[Supplied records Boundary: Start]
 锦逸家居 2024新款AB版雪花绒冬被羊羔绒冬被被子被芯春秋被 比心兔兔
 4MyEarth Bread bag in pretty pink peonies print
[Supplied records Boundary: End]
[Supplied records Boundary: Start]
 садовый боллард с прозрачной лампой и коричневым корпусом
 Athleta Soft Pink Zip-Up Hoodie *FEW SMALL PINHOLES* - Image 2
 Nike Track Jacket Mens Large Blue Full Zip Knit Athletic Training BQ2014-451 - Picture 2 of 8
[Supplied records Boundary: End]
**About this task:** Working from the records above, write out verbatim only the lines from the line containing "锦逸家居 2024新款AB版雪花绒冬被羊羔绒冬被被子被芯春秋被 比心兔兔" through the line containing "4MyEarth Bread bag".

**Written response:**
 锦逸家居 2024新款AB版雪花绒冬被羊羔绒冬被被子被芯春秋被 比心兔兔
 4MyEarth Bread bag in pretty pink peonies print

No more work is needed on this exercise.